Primary immunogenicity outcomes included the percentage of participants with putative seroprotection (HAI titers ≥40) and the percentage of participants with seroconversion (≥4-fold increase in HAI titers) after two administrations of the vaccine (Day 41). Secondary endpoints included the same data after the first vaccination (Day 21). HAI titers on the viral components of the 2009 TIV were exploratory endpoints.
A sample size of 150 participants in the severe asthma group (75 per dose group) was chosen to provide at least 87% power to detect seroprotection differences ≥20% between dose groups (i.e., 90% versus 70%). Categorical variables were summarized with enumerations and percentages, and exact 95% confidence intervals (Clopper-Pearson method) were computed to describe seroprotection and seroconversion rates. All participants who received at least one vaccination and provided serum at Day 1 and either Day 21 or Day 41 were included in analyses. Logistic regression modeling assessed associations between seroprotection and explanatory variables (e.g., receipt of 2009 influenza vaccine) adjusting for covariates (e.g., age, baseline HAI titers).

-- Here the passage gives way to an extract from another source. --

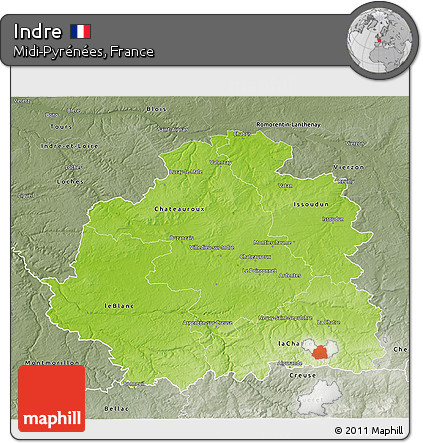 Physical 3D Map of Indre, semi-desaturated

Study participants were enrolled from October 16 to November 13, 2009. Of the 394 enrolled and eligible, 390 were randomized (Figure 1) and received one (15mcg) or two (30mcg) injections of vaccine on Day 1. Of these, 357 received a second administration of the same vaccine dose on Day 21.
Participant age was 12–79y, and those with severe asthma were on average older than those with mild/moderate asthma (Table 1). Of the randomized participants, 52.8% reported receiving the 2009 TIV at least two weeks prior to enrollment. Severe asthma participants had lower baseline lung function and higher body mass index.
A total of 33 participants did not receive the second vaccination on Day 21 because of adverse events (n=18), asthma exacerbations (n=9), not meeting eligibility criteria (n=4), and participant withdrawal (n=2). The percentage of participants who missed the second vaccination did not differ between the two asthma severity groups.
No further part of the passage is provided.